Net als zijn oudere broers kreeg Arthur les van privéleraren. Hij raakte op jonge leeftijd geïnteresseerd in het leger.
In het jaar 1866 trad Arthur toe tot de koninklijke Militaire Academie in Woolwich. Twee jaar later werd hij aangesteld als luitenant van het ‘Corps of Royal Engineers’.
Later werd hij overgeplaatst naar de ‘Royal Regiment of Artillery’ en weer later naar de ‘Royal Rifle Brigade’.
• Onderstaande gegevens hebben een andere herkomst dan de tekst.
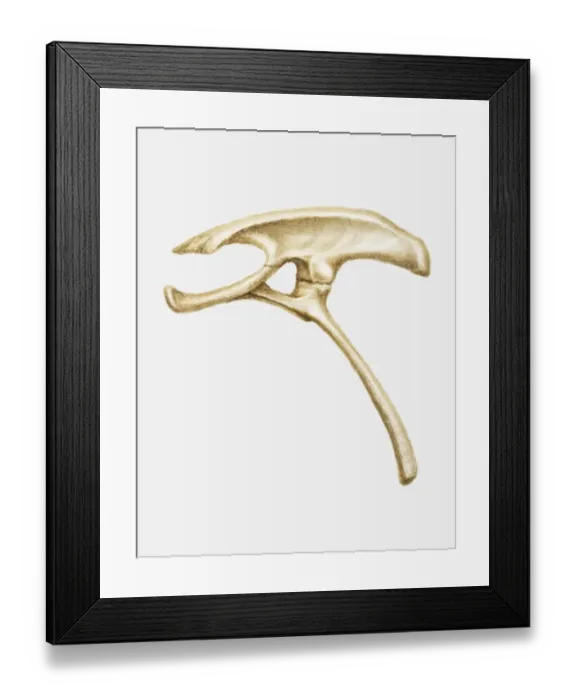 Framed Print : Illustration of the hip bone of a Homalocephale dinosaur, late Cretaceous period Framed Print : Illustration of the hip bone of a Homalocephale dinosaur, late Cretaceous period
Arthur had een langer carrière in het Britse leger en diende onder andere in:
- Zuid-Afrika
- Canada
- Ierland
- Egypte
- India
In april 1893 werd hij gepromoveerd tot generaal. Arthur had gehoopt dat hij hertog George van Cambridge op kon volgen als opperbevelhebber van het Britse leger. Deze functie ging echter aan zijn neus voorbij. In plaats daarvan had prins Arthur het commando in het zuidelijke district van Aldershot van 1893 tot 1898. Arthur werd in juni 1902 gepromoveerd tot veldmaarschalk. Hij diende daarna in verschillende belangrijke posities, als opperbevelhebber van Ierland, Inspecteur-generaal der Krijgsmacht en als gouverneur-generaal van Canada.